The Supreme Court have unanimously disagreed concluding that the interpretation of Article 24(2) adopted by the Court of Appeal could not be sustained. Applying the principles set out by the ECJ in:

  • Hassett v South Eastern Health Board (Case C-372/07) [2008] ECR I-7403;
  • Berliner Verkehrsbetriebe (“BVG”), Anstalt des öffentlichen Rechts v JP Morgan Chase Bank NA (Case C-144/10) [2011] 1 WLR 2087 (“the BVG case”);
  • ON Czech Holding AG v Dědouch (Case C –560/16), [2018] 4 WLR 94,

the Supreme Court concluded that the provisions of Article 24(2) were to be strictly (i.e. narrowly) interpreted. This had implications for how multiple claims should be evaluated.

The Court of Appeal were found to have misunderstood the BVG case, and erroneously concluded that the court has to undertake “an exercise in “overall classification” and make an “overall judgment” to see whether the proceedings are “principally concerned” with one of the matters set out in” Article. 24

Instead, where, as in this case, there were two distinct claims, one, by itself falling within Art. 24(2) (i.e. the Company Law Claim) and the other, by itself, not falling within Art. 24(2) (i.e. the Jurisdiction Claim), it was not legitimate to maintain that, by an overall evaluative judgment as to both claims taken together, that the second claim also falls within Art. 24(2), thereby conferring exclusive jurisdiction on the English courts. A mere link between the two claims was not sufficient.

The Supreme Court considered that while both claims were connected in a sense, they were, in fact distinct claims which were not “inextricably bound up together”. Each could be brought and made good on their own terms without regard to the other claim. Assessing the Jurisdiction Claim as a distinct set of proceedings, the principal subject matter clearly did not comprise the validity of the decisions or the organs of a company with its seat in England.
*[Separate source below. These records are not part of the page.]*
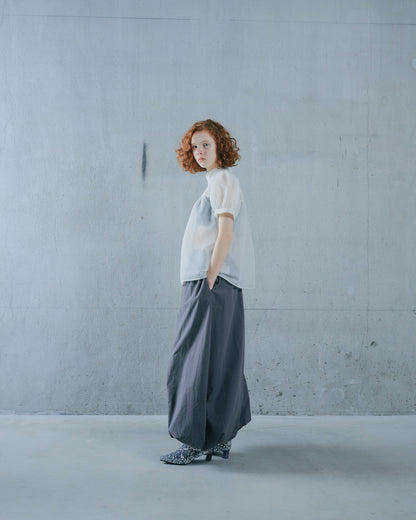 【SALE/50%0ff】Stripe Half Sleeve Blouse [603392] off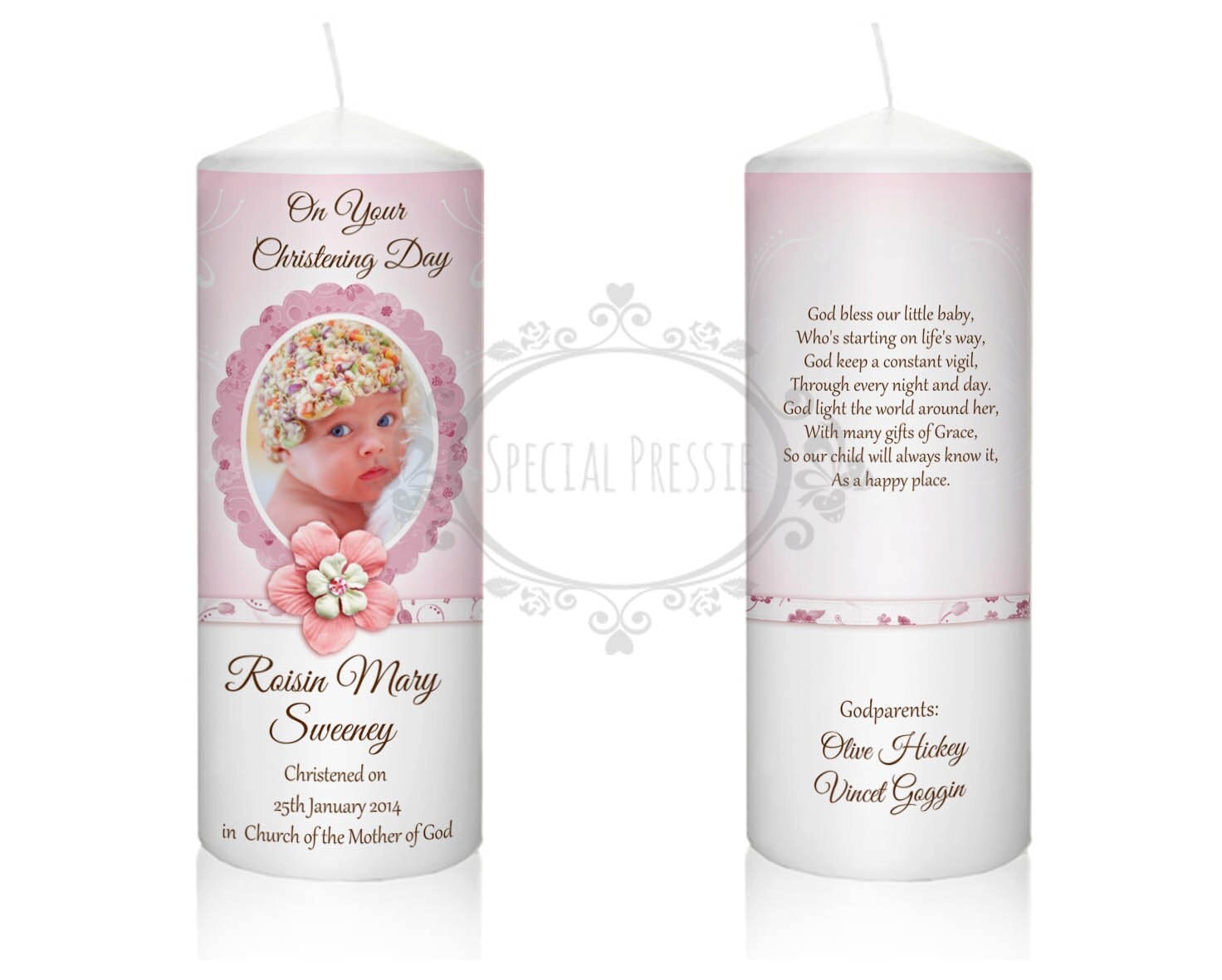 Personalised Christening Baptism Candle Baby Boy Baby Girl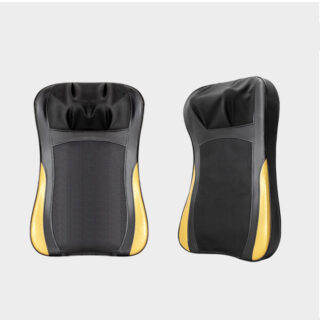 Coussin chauffant et massant nori et jaune sur fond gris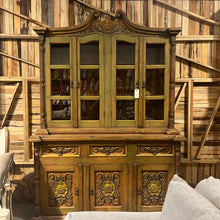 Load image into Gallery viewer, Mexican Carved Painted China Cabinet
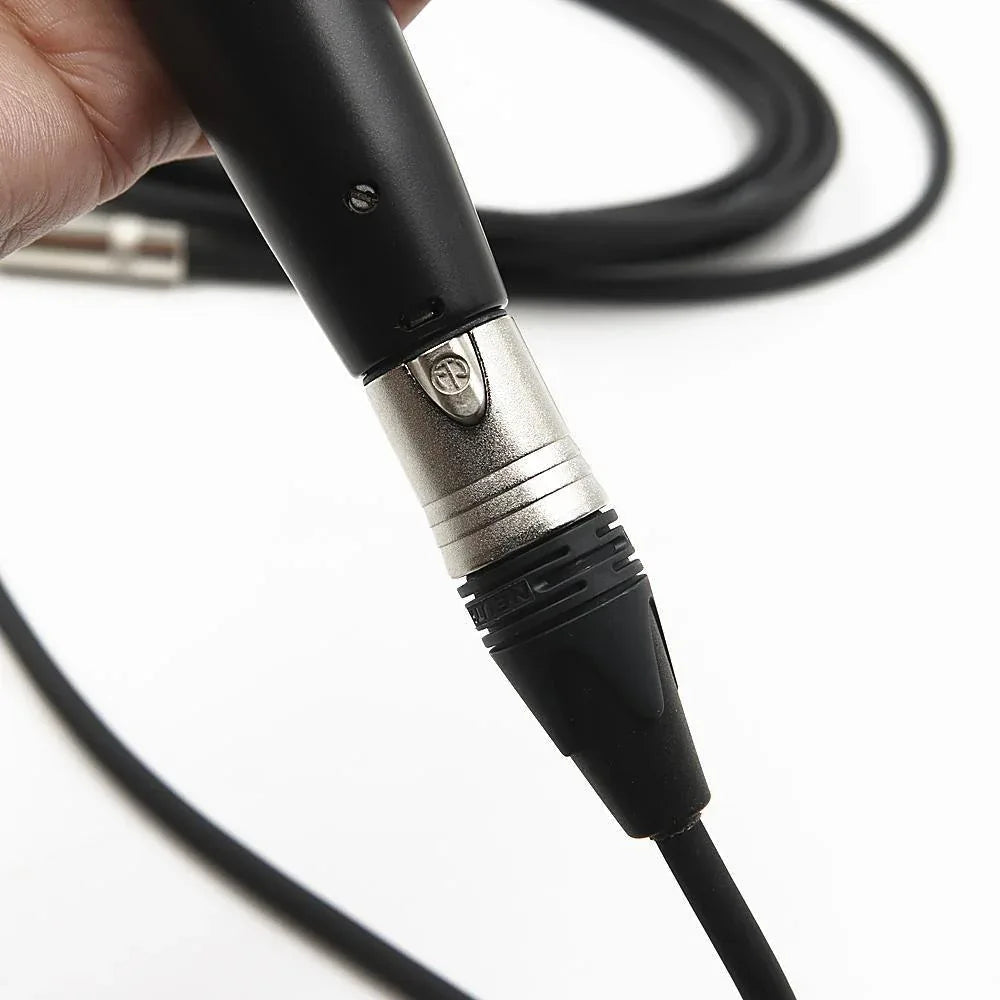 Close-up of a 2m Neutrik/Canare 6.5MM XLR microphone cable with durable connectors and strain relief.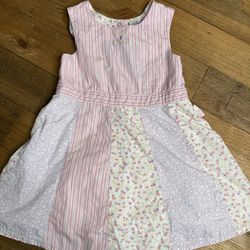 Faded Glory 4T girls toddler patchwork dress pink vintage style floral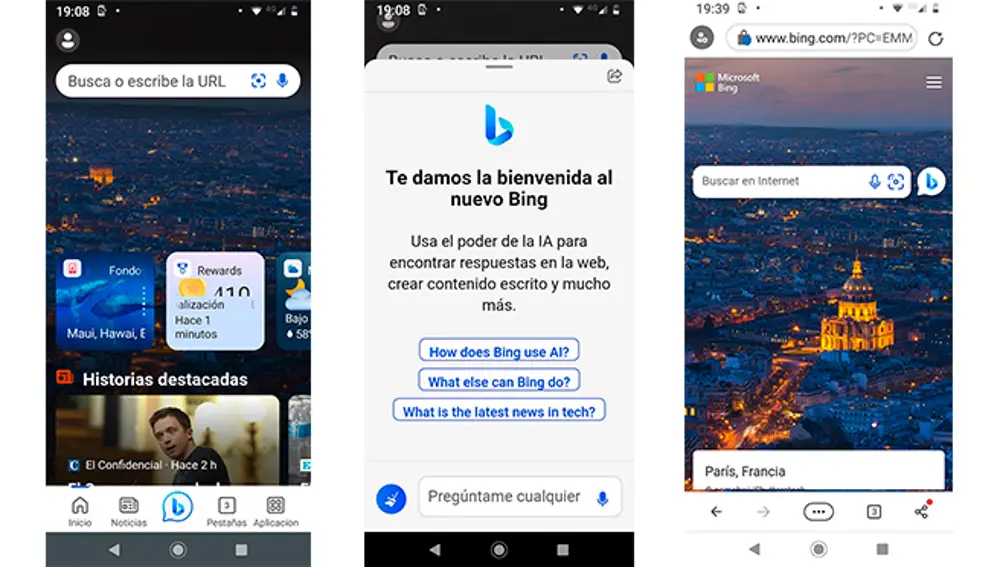 Chat GPT en el móvil. En las dos primeras pantallas en la app Bing y en la tercera en Edge.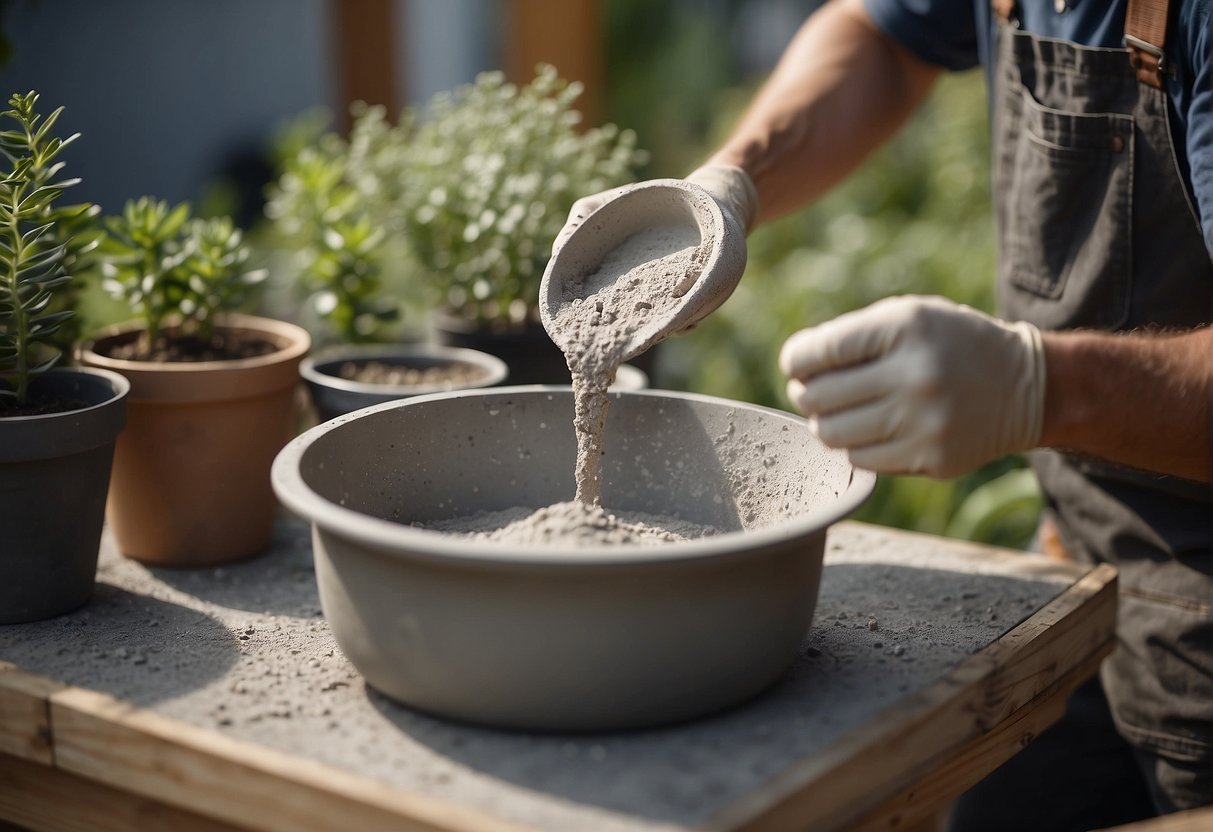 A person pouring concrete mix into a mold to create a pot. Plants and gardening tools are nearby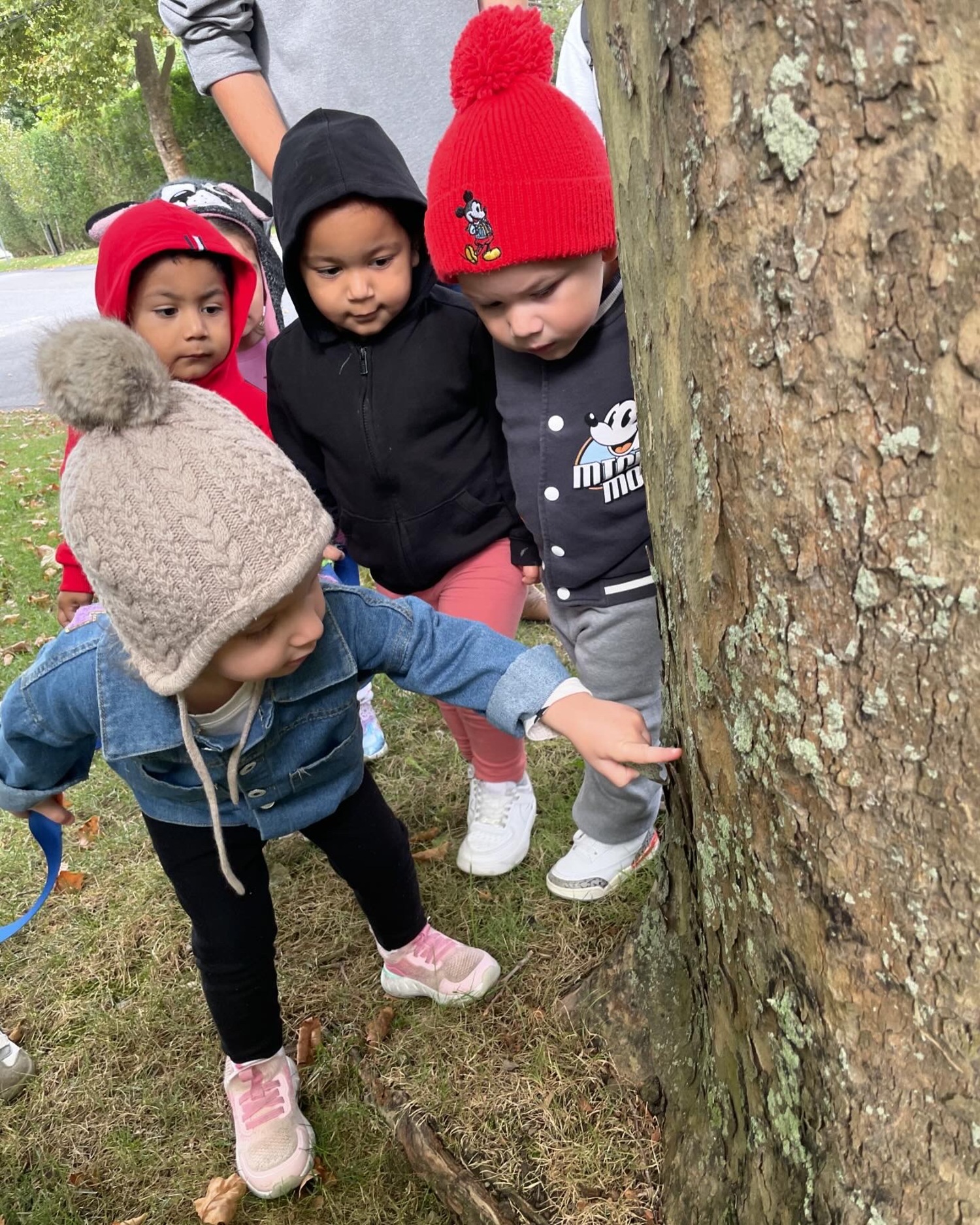 During a nature stroll, toddlers at Southampton Day Care felt the chill of fall. COURTESY SOUTHAMPTON DAY CARE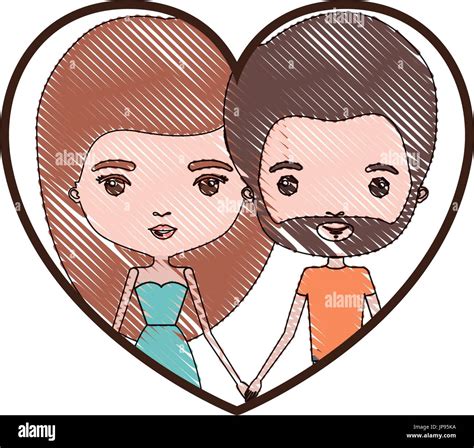 Heart Shape Portrait With Color Crayon Silhouette Caricature Couple Of Her With Dress And Long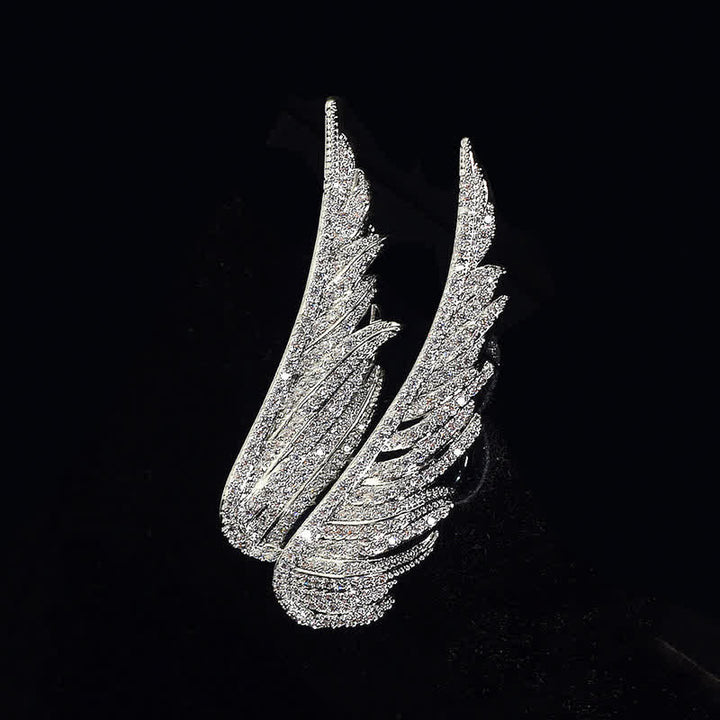 Broche exquise en forme de plume avec ailes d'ange pour femme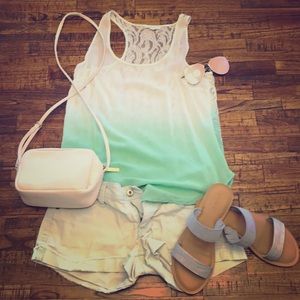 MINE blue and white tank top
The English court thus lacked Article 24(2) jurisdiction over the Turkish Parent and the Turkish trustees in relation to that claim.

As to the Company Law Claim related to the English company law, although this claim fell within the material scope of Art. 24(2), that did not confer jurisdiction over the trustees, who were not necessary parties to that claim.

The appeal by the Turkish Parent and the Trustees was allowed by the Supreme Court, therefore overturning the decision of the Supreme Court.


In this case, the Supreme Court decisively rejected the approach of the Court of Appeal to Article 24(2) of the Recast Brussels Regulation. This case confirms that, in accordance with EU law, exclusive jurisdiction under article 24 of the Brussels Recast Regulation is to be strictly and narrowly interpreted to cover only disputes where the validity of the actions of a company or association are challenged.  For an English company, this will in most cases likely be a dispute to be decided under the Companies Acts or the company’s articles of association.

In some ways, this decision should not be surprising in light of the jurisprudence of the ECJ.  It is not insignificant that the Supreme Court considered it acte clair that the English courts did not have jurisdiction over the authority claim under the Brussels regime.

Nevertheless, the judgment is noteworthy for the possibility intimated by Supreme Court that jurisdiction could, in theory, have been established on some other basis, such as under the Civil Procedure Rules.  If the UK leaves the EU without a deal, it is likely that such domestic bases for the jurisdiction of the English courts in comparable cases, if any such domestic bases exist, will be developed.  From the inverse perspective, it is clear that courts of the EU member states will continue to be bound to decline jurisdiction over claims concerning the validity of decisions made by the relevant organs of English companies, whether or not the UK remains bound by the Brussels regime.

Companies should therefore be careful is choosing whether or not to bring claims in relation to their subsidiaries, particularly when these claims involve subsidiaries/head companies based outside of the EU.